To my surprise, Willy didn’t laugh when I explained the difficulty. I cannot remember whether he called in a Kellogg mob [the nuclear physics group that included, among others, Ward Whaling, William Wenzel, Noel Dunbar, Charles Barnes, and Ralph Pixley] there and then, or whether it was a few hours or a day or two later . . . It was then that general consensus decided a new experiment should be done.

In an interview in 2001, neither Ward Whaling nor Noel Dunbar remembered any specific details of this meeting, but Charles Barnes recalled that Willy’s rather small office was packed and that “as Fred presented his ideas, it was clear that the audience was visibly skeptical. Even Willy seemed to be somewhat skeptical.” Whatever precisely happened at that meeting, the net result was that the “Kellogg mob” did decide to perform the experiment, and Ward Whaling and his colleagues were identified as the group that had the best experimental setup to perform the necessary measurements.

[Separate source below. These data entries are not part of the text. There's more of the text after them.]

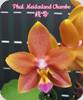 Phal. Meidarland Chambe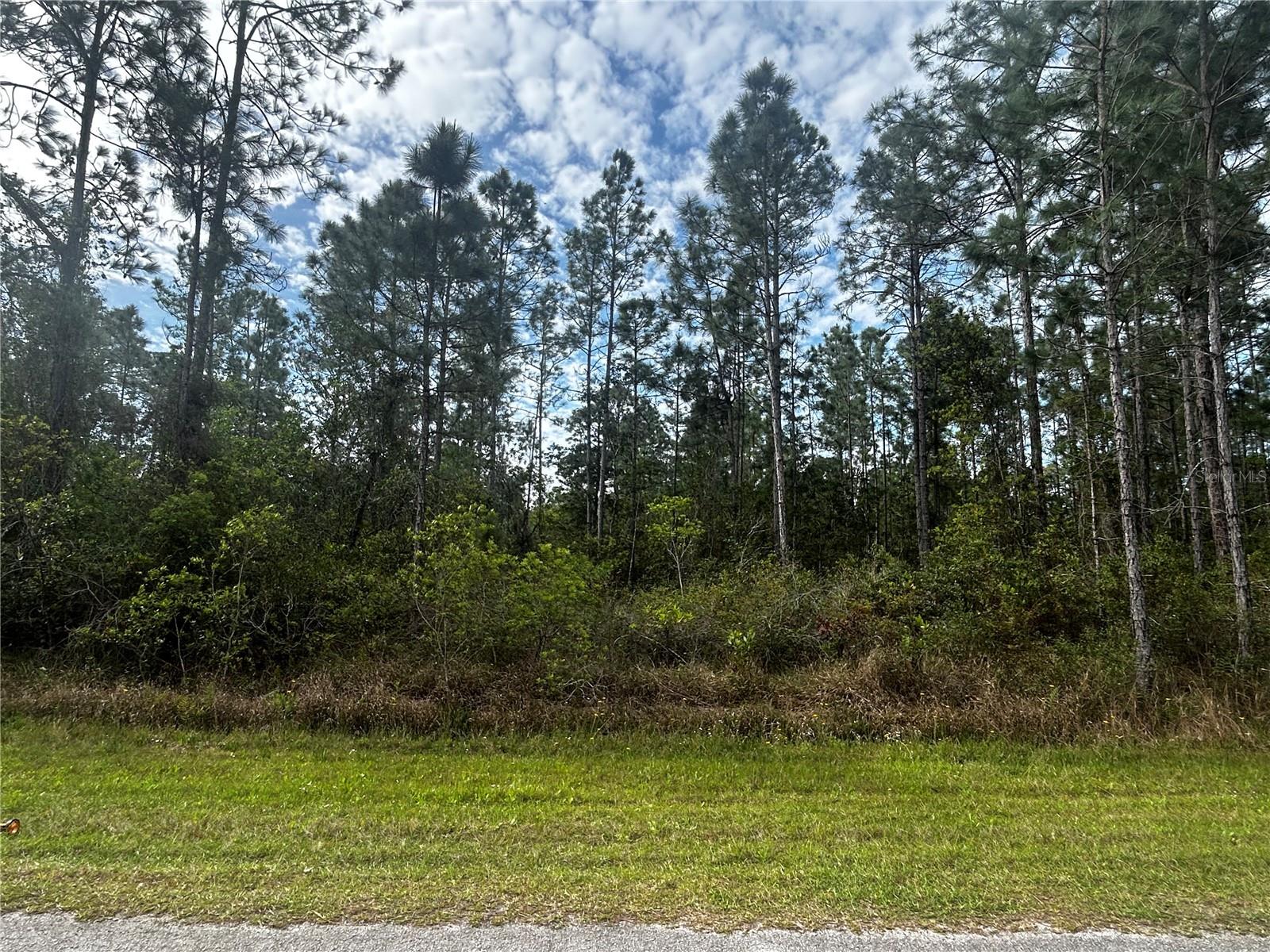207 GARDENIA DR, LAKE WALES, FL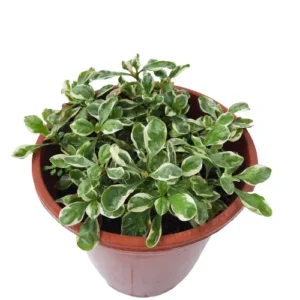 Alternanthera Ficoidea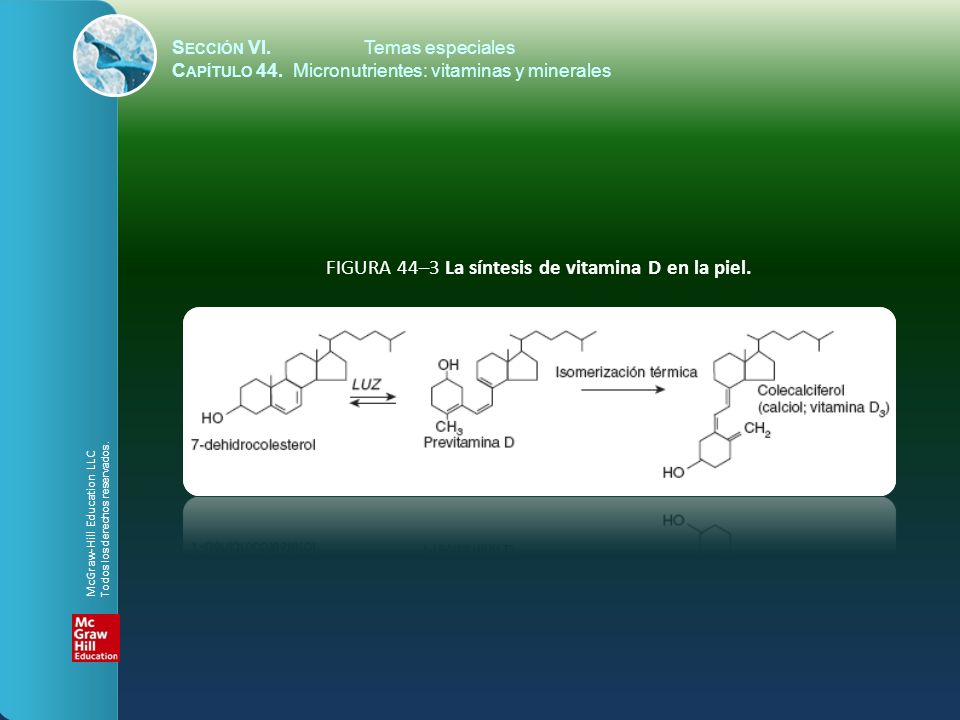 FIGURA 44–3 La síntesis de vitamina D en la piel.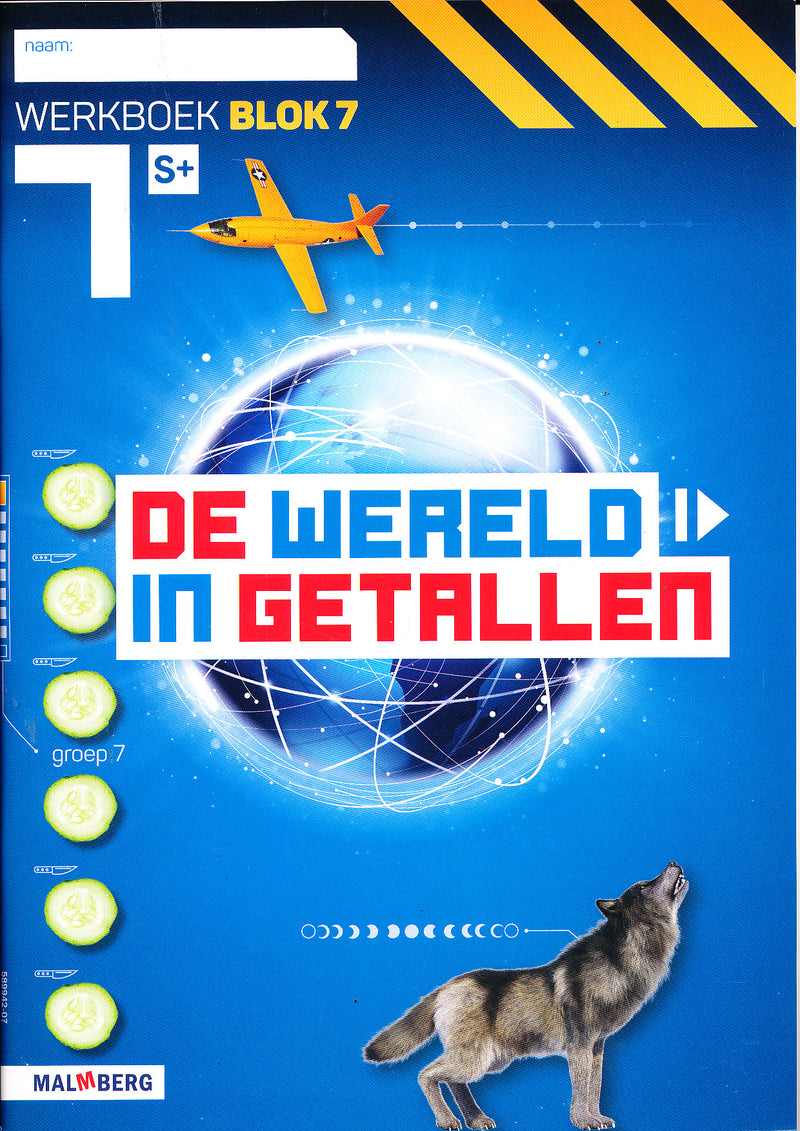 De wereld in Getallen versie 5 Werkboek Blok 7 groep 7 S plus (per stuk)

Whaling, Dunbar, and their collaborators decided to tackle the problem by bombarding nitrogen (¹⁴N) nuclei with deuterium (²H). This nuclear reaction produces carbon (¹²C) nuclei and alpha particles (⁴He). By examining carefully the energy of the outstreaming alpha particles (and remembering that the total energy is conserved), they could detect not only particles coming out with high energy (therefore leaving the carbon in its low-energy ground state) but also particles emerging with lower energy, indicating that some energy was left in the carbon nucleus. The results were clear. Within a couple of weeks, the experimental group found a resonance in carbon at 7.68 MeV (with a possible error of 0.03 MeV)—in incredible agreement with Hoyle’s prediction! In their just-over-one-page paper describing the results, the nuclear physicists started by noting: “Hoyle explains the original formation of elements heavier than helium by this process” (fusion of beryllium with helium). They finished with an acknowledgement: “We are indebted to Professor Hoyle for pointing out to us the astrophysical significance of this level.”

Despite his amazingly successful prediction, Hoyle realized that this was not the time to rest on his laurels. For carbon to survive, the nuclei had to obey yet another important requirement: Carbon had to be unable to rapidly capture a fourth alpha particle that would have transformed it all into oxygen. In other words, one had to be sure that there is no resonant state in the oxygen nucleus to enhance the carbon-plus-alpha reaction rate. To complete his triumph with the theory of carbon production, Hoyle showed that such a resonant reaction indeed does not occur—the energy of the respective level in oxygen is lower by about 1 percent from the value that would have made it resonant.